This hunt started well before dawn. My alarm went off at 4AM, and within twenty minutes I was covered from head to toe in borrowed camouflage. I had never gone turkey hunting before, and it could not be more opposite from the upland pheasant hunting I took part in this past fall. Pheasant hunting is a chatty jaunt through the woods in bright orange with a happy spaniel flushing explosions of feathers in your face. You point a shotgun and take home dinner. But turkeys are clever, sly, and can see you move your hand to scratch your face from fifty yards away. You need to become part of the landscape to hunt them, and trick them with calls and decoys. If you're lucky a Jake or a Tom come into your line of fire and you get a chance.
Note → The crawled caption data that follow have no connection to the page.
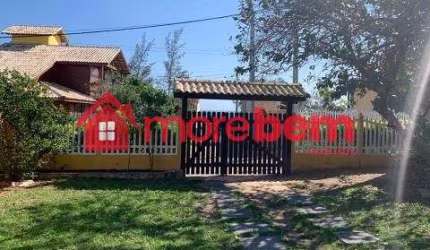 Casa em condomínio fechado com 2 quartos à venda na R. Girassol, Praia do Sudoeste, São Pedro da Aldeia, 130 m2 por R$ 500.000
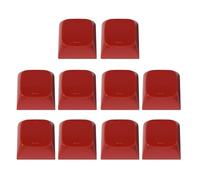 Lot de 10 capuchons de touches en gelée avec identification des points aveugles pour les jeux et la programmation, claviers mécaniques PC pour les jeux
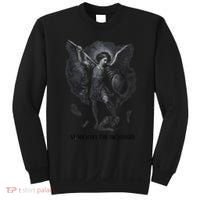 St. Michael The Archangel Cinematic Film Still Sweatshirt thumb 0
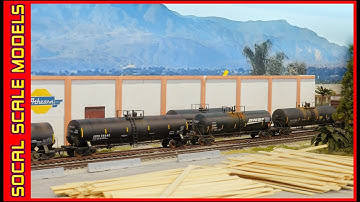 Operations | Setting Out Tank Cars - Local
So my friend and mentor, Steve, was with me. He leant me an automatic 12-gauge and his hunting clothes. He would show me what to do, how to act, and how a hunt should go. The plan was to sit still, call in some birds, and see what happens/hopefully shoot them. So in the black of an old farm pasture we set up our blind by a fallen log near an old property-line hedgerow. I sat like a toddler in a car seat while he set up the decoys at the base of the field, just 25 yards away. After a few minutes of his gadget calls we heard gobbles. (What a rush!)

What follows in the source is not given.